====== Material supplied ======
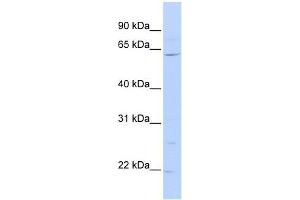 ZNF680 antibody used at 0. (ZNF680 antibody  (N-Term))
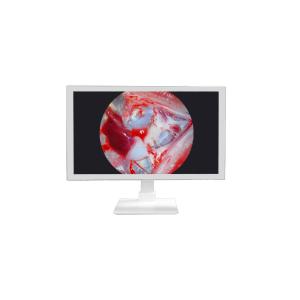 Wholesale FHD Medical Equipment 22 24 27 Inch Endoscope Camera Monitor Display Full HD Medical Monitor from china suppliers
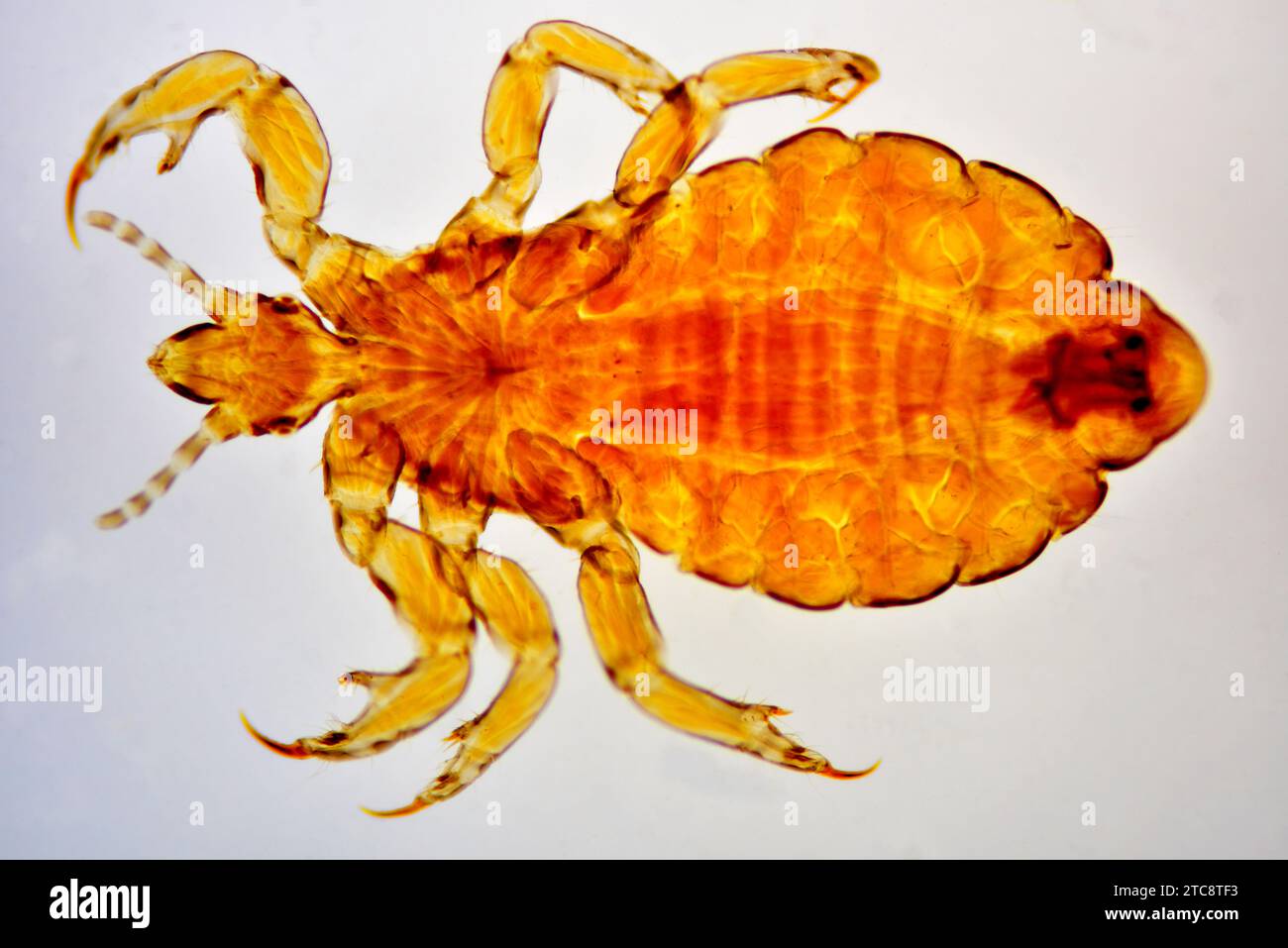 Head louse (Pediculus humanus capitis) complet specimen. Light microscope X50 at 10 cm wide. Stock Photo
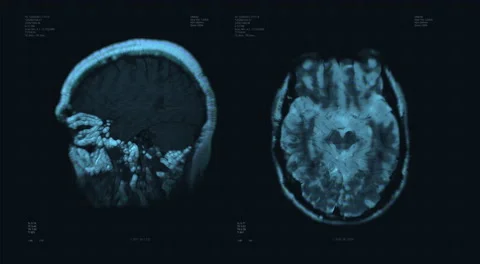Brain scan visualization animation. Diagnosis data on laboratory display Stock Footage 158538751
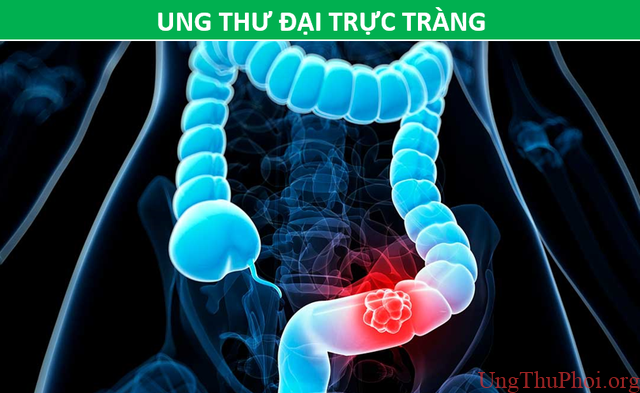 Những phương pháp tầm soát ung thư giúp bạn chủ động trước bệnh tật - 5 Những phương pháp tầm soát ung thư giúp bạn chủ động trước bệnh tật - 5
======
Drop the images; copy every entry above exactly.

 ZNF680 antibody used at 0. (ZNF680 antibody  (N-Term))
 Wholesale FHD Medical Equipment 22 24 27 Inch Endoscope Camera Monitor Display Full HD Medical Monitor from china suppliers
 Head louse (Pediculus humanus capitis) complet specimen. Light microscope X50 at 10 cm wide. Stock Photo
Brain scan visualization animation. Diagnosis data on laboratory display Stock Footage 158538751
 Những phương pháp tầm soát ung thư giúp bạn chủ động trước bệnh tật - 5 Những phương pháp tầm soát ung thư giúp bạn chủ động trước bệnh tật - 5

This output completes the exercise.